What new rights do domain owners have as a result of the GDPR?
With the new data protection regulations, private domain holders are protected in the same way as Internet users. This means that domain owners no longer have to worry about being bothered on a regular basis by spam, unwanted telephone canvassing or direct mail campaigns.
Conversely, it is much more difficult to receive inquiries from potential buyers. The chances of a prospective buyer getting into direct contact with the owner are much less likely for domains that have been registered but not used for a website. However, the following applies for this aspect: Such a procedure has not been the typical practice for quite some time.
For the trading of domains, “Trusted Partners” like SEDO have long been developed as platforms that mediate between those offering and those wanting to acquire a domain. In this respect, the positive aspect of domain owners being granted more “privacy” through conservative company policies predominates.
Why is there criticism of the new Whois rules?
Not surprisingly, the new regulations governing Whois queries have attracted a lot of criticism. Security experts and criminologists point out that this restriction opens the door to the expansion of cybercrime and an increase in spam. The reason for this is that domains are often used as the sender of spam mails.
In addition, it is still hotly debated within the industry whether all Whois data should no longer be displayed or whether it could at least be shown partially - e.g. email address, but no first or last name. There still doesn’t appear to be a consensus given that the numerous registries and registrars are doing their own thing and going in different directions. Examples include Nominet, the operator of the British suffix .uk who charges a fee for limited Whois information. While Denic, which manages the German suffix .de does not display any data at all. Kevin Murphy from the domain industry blog, DomainIncite.com has drawn up a summary overview of the 33 European ccTLD administrations and how they’re applying the Whois rules.
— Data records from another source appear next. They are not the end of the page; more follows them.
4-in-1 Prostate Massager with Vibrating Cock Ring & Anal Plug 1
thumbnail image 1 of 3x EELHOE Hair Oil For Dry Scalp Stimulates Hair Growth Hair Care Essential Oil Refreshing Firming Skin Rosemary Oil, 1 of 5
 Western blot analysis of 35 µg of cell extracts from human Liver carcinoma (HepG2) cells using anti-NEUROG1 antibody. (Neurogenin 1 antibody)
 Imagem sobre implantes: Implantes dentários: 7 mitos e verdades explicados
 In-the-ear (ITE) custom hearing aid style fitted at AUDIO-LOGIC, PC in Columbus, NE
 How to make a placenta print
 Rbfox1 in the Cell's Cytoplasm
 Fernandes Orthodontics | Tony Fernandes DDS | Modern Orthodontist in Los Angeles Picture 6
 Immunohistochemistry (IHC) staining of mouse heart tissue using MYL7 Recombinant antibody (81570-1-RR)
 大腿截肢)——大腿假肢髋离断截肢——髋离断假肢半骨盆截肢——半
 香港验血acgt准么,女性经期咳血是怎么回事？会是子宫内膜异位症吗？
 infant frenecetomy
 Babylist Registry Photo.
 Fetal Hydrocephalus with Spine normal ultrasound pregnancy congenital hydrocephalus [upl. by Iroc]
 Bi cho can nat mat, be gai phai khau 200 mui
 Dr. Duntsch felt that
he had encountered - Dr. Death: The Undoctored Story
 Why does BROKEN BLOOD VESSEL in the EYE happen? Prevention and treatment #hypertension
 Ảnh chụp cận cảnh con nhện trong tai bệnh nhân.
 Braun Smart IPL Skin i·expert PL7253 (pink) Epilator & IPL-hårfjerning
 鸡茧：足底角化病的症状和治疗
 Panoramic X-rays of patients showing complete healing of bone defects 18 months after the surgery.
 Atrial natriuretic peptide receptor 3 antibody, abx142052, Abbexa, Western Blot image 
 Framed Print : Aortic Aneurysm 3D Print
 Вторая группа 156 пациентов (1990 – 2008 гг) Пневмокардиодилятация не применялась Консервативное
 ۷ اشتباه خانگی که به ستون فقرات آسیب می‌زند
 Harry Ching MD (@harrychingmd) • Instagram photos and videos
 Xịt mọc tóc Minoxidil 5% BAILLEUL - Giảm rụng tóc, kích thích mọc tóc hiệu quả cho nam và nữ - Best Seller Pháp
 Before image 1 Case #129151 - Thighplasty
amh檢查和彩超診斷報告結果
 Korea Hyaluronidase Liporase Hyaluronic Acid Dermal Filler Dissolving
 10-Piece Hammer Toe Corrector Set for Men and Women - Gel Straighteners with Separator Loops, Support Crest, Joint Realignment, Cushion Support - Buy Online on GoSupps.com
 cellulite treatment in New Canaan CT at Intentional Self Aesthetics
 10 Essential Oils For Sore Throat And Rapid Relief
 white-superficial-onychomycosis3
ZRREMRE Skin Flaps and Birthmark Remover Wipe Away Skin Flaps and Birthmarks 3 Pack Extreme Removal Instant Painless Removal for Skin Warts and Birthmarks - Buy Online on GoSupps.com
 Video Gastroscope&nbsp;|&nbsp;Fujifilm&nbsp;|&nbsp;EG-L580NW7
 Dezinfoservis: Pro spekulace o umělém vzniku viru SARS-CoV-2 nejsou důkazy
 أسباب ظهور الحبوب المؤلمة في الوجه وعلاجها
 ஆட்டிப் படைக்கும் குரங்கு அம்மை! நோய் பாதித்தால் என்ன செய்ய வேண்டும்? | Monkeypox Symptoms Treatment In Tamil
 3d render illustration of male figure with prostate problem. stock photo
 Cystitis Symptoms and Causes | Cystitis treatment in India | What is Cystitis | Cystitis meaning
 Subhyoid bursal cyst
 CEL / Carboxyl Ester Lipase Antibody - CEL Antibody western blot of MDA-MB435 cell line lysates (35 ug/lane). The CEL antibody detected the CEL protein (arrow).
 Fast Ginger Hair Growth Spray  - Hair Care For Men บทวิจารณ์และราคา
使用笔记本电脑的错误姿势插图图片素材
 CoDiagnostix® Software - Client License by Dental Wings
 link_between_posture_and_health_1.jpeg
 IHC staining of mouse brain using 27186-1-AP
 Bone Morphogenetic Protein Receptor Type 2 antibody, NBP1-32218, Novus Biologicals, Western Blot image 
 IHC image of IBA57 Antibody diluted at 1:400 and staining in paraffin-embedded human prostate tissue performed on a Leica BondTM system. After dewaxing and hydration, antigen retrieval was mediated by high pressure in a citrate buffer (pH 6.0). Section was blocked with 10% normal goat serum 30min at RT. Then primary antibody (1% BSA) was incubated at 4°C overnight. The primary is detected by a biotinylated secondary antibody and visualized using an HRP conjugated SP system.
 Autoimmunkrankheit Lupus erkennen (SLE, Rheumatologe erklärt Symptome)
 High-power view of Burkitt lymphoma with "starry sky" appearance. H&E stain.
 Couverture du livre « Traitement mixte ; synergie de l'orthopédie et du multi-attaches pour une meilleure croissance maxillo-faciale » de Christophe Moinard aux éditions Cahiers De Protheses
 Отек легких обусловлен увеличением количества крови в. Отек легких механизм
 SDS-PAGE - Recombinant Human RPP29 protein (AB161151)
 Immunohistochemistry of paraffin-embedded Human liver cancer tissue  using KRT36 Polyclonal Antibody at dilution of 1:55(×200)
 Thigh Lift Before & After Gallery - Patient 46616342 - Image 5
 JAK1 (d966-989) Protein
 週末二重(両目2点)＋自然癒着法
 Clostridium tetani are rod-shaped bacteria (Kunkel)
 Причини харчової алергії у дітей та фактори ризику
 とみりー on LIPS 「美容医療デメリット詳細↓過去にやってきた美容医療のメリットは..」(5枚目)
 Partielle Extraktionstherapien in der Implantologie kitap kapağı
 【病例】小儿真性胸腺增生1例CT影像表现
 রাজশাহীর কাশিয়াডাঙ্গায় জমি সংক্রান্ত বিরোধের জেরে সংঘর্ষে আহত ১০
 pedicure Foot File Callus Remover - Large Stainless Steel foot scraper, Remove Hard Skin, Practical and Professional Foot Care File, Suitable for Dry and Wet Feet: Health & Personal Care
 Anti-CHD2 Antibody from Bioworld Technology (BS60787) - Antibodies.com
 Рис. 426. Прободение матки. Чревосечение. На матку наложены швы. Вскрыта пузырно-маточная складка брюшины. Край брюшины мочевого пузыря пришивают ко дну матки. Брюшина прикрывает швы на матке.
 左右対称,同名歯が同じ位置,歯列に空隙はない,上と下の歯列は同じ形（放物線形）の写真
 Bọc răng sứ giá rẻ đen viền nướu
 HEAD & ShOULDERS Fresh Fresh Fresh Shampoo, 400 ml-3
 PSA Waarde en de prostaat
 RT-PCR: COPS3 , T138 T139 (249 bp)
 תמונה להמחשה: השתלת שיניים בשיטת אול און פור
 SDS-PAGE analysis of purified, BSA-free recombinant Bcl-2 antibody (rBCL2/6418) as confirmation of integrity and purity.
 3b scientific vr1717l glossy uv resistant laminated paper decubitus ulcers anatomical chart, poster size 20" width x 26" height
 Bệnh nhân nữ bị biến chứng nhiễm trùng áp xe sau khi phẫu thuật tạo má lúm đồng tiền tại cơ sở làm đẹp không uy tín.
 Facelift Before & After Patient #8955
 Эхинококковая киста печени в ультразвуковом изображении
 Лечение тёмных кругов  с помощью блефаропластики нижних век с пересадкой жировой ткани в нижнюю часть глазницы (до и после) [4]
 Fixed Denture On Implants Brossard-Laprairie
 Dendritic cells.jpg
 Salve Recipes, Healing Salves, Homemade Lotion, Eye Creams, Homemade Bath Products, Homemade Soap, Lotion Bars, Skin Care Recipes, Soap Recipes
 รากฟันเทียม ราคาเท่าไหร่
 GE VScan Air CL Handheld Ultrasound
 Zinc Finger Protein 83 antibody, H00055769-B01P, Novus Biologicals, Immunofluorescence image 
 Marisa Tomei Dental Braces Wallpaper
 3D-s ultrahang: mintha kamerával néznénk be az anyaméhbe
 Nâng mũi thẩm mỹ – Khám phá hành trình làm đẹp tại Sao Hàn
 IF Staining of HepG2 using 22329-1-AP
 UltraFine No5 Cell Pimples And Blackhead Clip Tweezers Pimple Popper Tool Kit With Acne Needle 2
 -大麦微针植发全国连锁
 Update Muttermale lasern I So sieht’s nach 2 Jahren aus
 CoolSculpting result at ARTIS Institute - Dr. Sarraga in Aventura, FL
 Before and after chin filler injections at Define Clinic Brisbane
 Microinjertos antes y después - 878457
How justified is the criticism of the new Whois regulation?
Anyone who acquires or operates a website to pursue a dishonest business model can now apparently rest assured that they will remain undetected as the responsible party. On the other hand, extensive legislative amendments are traditionally expected to undergo a number of adjustments and constant refinement over time.
It is hardly conceivable that additional data protection for Internet users and domain owners has to be permanently accompanied by the simultaneous greater abuse of Internet domains.
The annoyance of the registrars and registries at not having sufficient lead up time to make preparations at the technical and administrative level for the changeover is understandable. Right up until the last minute, no final decision was taken by ICANN with regard to what form the new Whois regulation should take, with the result that not all of those affected were able to execute the actual implementation in time.
What are the arguments in favor of the restrictions of Whois queries?
It was possible to abuse the Whois databases in the past mainly because it was not necessary to give a plausible reason for such a query. The data of domain owners were publicly accessible making it susceptible to misuse. The GDPR now stipulates that a query can only be made for plausible reasons.
Although this does not perhaps make the mass “grabbing” of information completely impossible, it will be considerably more difficult. This means it is not so much the business model of the Whois platform providers that is called into question but more the dishonest intentions of contact data “grabbers” operating in a systematic way.
In addition, each national register or domain registrar was allowed to decide how completely or to what depth they collected the domain owners’ data. Nothing has changed in this regard.
Summary and outlook:
- The EU-wide General Data Protection Regulation restricts, among other things, automated access to the Whois directory.
- Those making inquiries must give plausible reasons why they want to find out a domain owner’s personal data.
- The new regulation provides private domain owners with better protection against contact data phishing and the annoying consequences of unwanted telephone inquiries and their email inboxes being flooded with spam, for example.
- There are no new advantages or disadvantages for domain sellers or domain buyers. Sedo has long been regarded as an established intermediary for the trading of domains and one that maintains traditionally high standards in the areas of privacy policies and data protection.
- It can be expected that a number of deficiencies and loopholes in the GDPR will be rectified over the medium to long term by way of rulings in individual cases.